**Instructions to follow**.
Reproduce the material below only from the line with "รักนี้ไม่ต้องมีเซนส์ ตอนที่ 73 รูปที่ 1" to the line with "死亡搁浅2全背包配件及获取位置攻略 全背包配件图鉴大全", both included, keeping each line exact and dropping the pictures.

**Dataset content**.
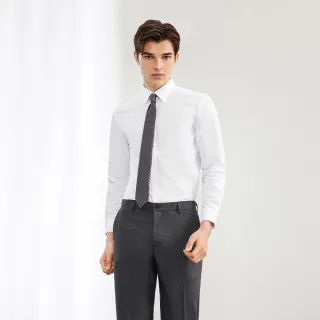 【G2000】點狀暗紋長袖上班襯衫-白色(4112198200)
--
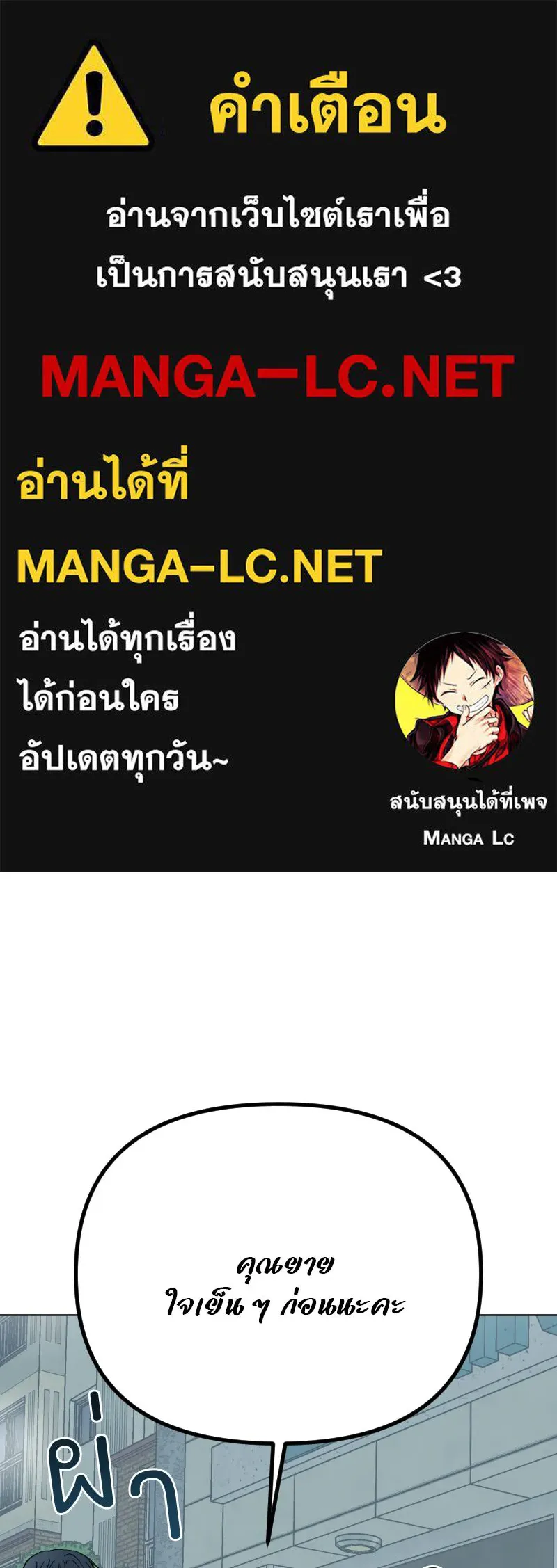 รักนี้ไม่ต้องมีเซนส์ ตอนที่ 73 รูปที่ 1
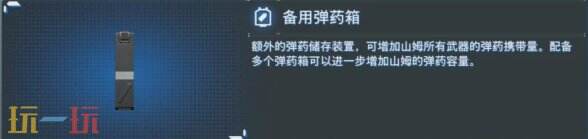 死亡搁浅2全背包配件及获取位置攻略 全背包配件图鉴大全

**Solution to the exercise**.
 รักนี้ไม่ต้องมีเซนส์ ตอนที่ 73 รูปที่ 1
 死亡搁浅2全背包配件及获取位置攻略 全背包配件图鉴大全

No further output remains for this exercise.